The damning statistics of last year’s failures are washed away, sent away to the spam folder of our mind, and we start again on the interminable cycle of seasons.

That shambolic display by your back four, the embarrassing batting collapse, the painful derby defeat.

There is nothing like the blind hope and groundless optimism that a pre-season league table, resplendent in zeroes, can deliver.

With all of this in mind, you have to feel a little sympathy for the non-believers who are left to face the world without an escape hatch to slip through when reality turns too grim to contemplate.

Yet there are times, especially as we grow older, with the assumed greater maturity this is supposed to bring, when an over-reliance on sport can be a bit, well, embarrassing.

It can leave the incumbent feeling a little one-dimensional in intelligent company, and leave your priorities looking way off-kilter.

Fretting about a meaningless result or latest score while surrounded by splendid natural beauty, or immersed in the company of friends and family is a glaring personal flaw of mine.

But over the last 12 months with Trump, Brexit, Putin, Syria, the dizzying loss of so many wonderfully creative icons – I could go on – there seemed little wonder that some of us choose this escapist alternative universe.
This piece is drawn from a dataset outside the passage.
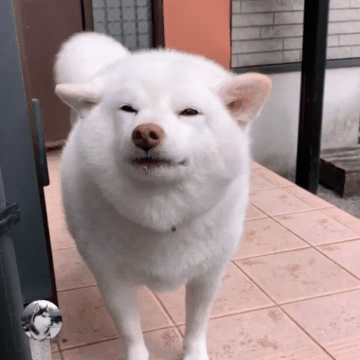 院子外写着"有恶犬",看到狗子却笑翻了,确定是认真的吗?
I was lucky that the woes of the world were offset by the joy of my firstborn - a future England cricket captain, lord help him.

For every other sporting fan, there was the incredible exploits of our Olympians, with Mo Farah’s incredible defence of his long-distance double a personal favourite.

You couldn’t help but feel your spirits soar at Danny Willett’s Masters triumph, and Andy Murray’s epic climb to world number one.

And yet even here in planet sport lurks the potential for happiness to come crashing down around the ears of your escape artist.

By putting all of your eggs in one basket of sporting chance you are, of course, leaving yourself vulnerable to disappointment and frustration, instead of the unbridled joy you had naively imagined would fill the void.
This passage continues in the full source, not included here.